「親近感」という言葉は、どうも軽く使われすぎている気がする。
「なんとなく気が合いそう」「初対面なのに話しやすい」――そんな曖昧な感覚を、ぜんぶこの一言で片づけてしまう。
俺は六十六歳。長く生きてきて、思うことがある。
――気の合うやつなんて、ほとんどいねーぞ。
一万人の街の、近すぎる距離
俺が住んでいるのは、人口一万人ほどの小さな街だ。
ある日、不思議なことが分かった。親友の嫁さんが、俺の母親のいとこの子にあたる。隣の家とも、辿っていけば遠縁だという。

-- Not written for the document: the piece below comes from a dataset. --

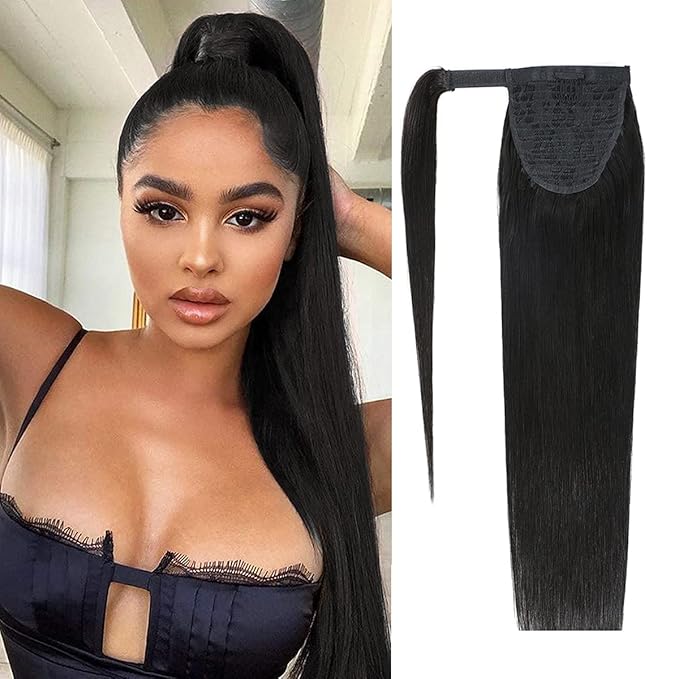 Ponytail Extensions Straight Human Hair Natural Black Magic Paste Wrap Around Ponytail 100% Real Remy Hair Extensions For Women 26 Inch 125g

田舎というのは、こうやってどこかでつながっている。下手なことは言えない。悪口ひとつ、すぐに本人の耳に入る。
ただ、これは「親近感」とはちょっと違う。距離が近いだけだ。血縁が近いから親しい、というのは、感情ではなく事情だ。
気の合うやつなんて、ほとんどいねーぞ
現役で四十年、現場で人を見てきた。退職してから、地域の集まりや組織にも顔を出した。
そのなかで、心の底から「こいつ、いいなあ」と思った人間は、正直、ほとんどいない。
最初は「気が合うかな」と思っても、しゃべっていくうちに、何かが違ってくる。価値観のズレ。本音の出し方の違い。一緒にいて疲れる感じ。
その瞬間、頭の中でスイッチが切れる。
俺はこれを「親近キャンセル」と呼んでいる。最近、「風呂キャンセル界隈」という言葉を耳にして、それに倣って自分で作った言葉だ。
鍵だけ渡して、書類は持ったまま
象徴的な体験がある。
ある組織で、引き継ぎがあった。会館の鍵と、規定書類。この二つは、セットで次の人間に渡すものだ。

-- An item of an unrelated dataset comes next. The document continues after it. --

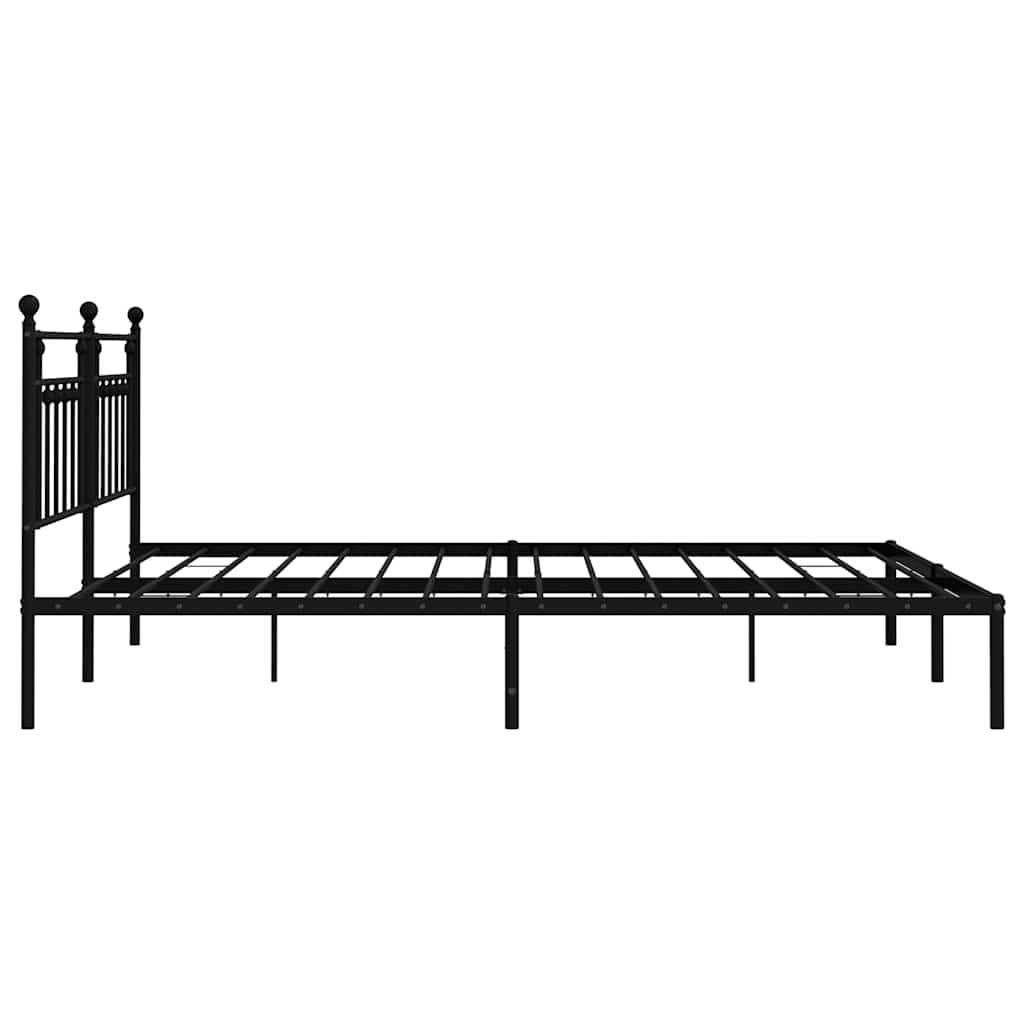 Bettgestell mit Kopfteil Metall Schwarz 193x203 cm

ところが、ある人間は鍵だけを渡して、書類は自分で持ったままだった。
それを知ったとき、なんとも言えない気持ちになった。
いいやつだと思っていたんだが、残念。
引き継ぎの仕方には、その人間の中身が出る。次の人が困らないようにと考えるか。自分の手柄を手放したくないと考えるか。書類一枚、鍵ひとつの扱いに、それが出てしまう。
その瞬間、俺の中で「親近キャンセル」が起きた。
ある日、気づいた
そんなことを繰り返しているうちに、ある日、気づいた。
――気が合うってのは、性格や価値観の話じゃないんだな。
俺はずっと、「性格が似ている人」「価値観が合う人」を探していた。だから、いない、と感じていた。
そうじゃなかった。
気が合うのは、興味の方向が同じか、近い人だ。
自分がやったことのない世界で、何かに夢中になっている人。色んな職業を経験してきた人。色んな失敗を語れる人。

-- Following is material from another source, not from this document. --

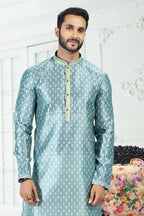 Raivat Ethnic Banarasi Silk Pintux Work Kurta Pajama In Blue Colour | Grocsy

そういう人の話を、ただ聞いてみたい。雑談がしてみたい。一緒に遊びたい、と言ったらおおげさかもしれないが、それに近い。
性格が似ているとか、価値観が同じとか、そんなことよりも――「あの人の話を聞いてみたい」と思える。
それが本物の親近感じゃないか。
鍵だけ渡しても、扉は開かない
性格で気が合う人を探そうとすると、なかなか見つからない。価値観で測ろうとすると、ズレを感じる場面のほうが多い。
でも、興味の方向で見ると、世界が変わる。
「あの人の話、聞いてみたいな」――そう思える瞬間が、たまにある。年に何度か、そういう人と出会う。
血のつながりよりも、長い付き合いよりも、その一瞬の「興味の重なり」のほうが、よほど親近感に近い。
鍵だけ渡しても、扉は開かない。
書類も、誠意も、興味も――揃って初めて、扉が開く。
それでも、人と関わるのをやめない
六十六歳になって、思うことがある。
気の合うやつを探すのは、もうやめた。
その代わり、興味のある場所に、自分から足を運ぶ。やったことのない世界の話を、聞きに行く。
そこで誰かと出会えるかもしれない。出会えなくても、それはそれでいい。
親近感は、待っているだけでは生まれない。性格や価値観で測るものでもない。
あなたは今、誰かに「話を聞いてみたい」と思えているだろうか。
そう思える相手が一人でもいるなら、それが本物の親近感かもしれない。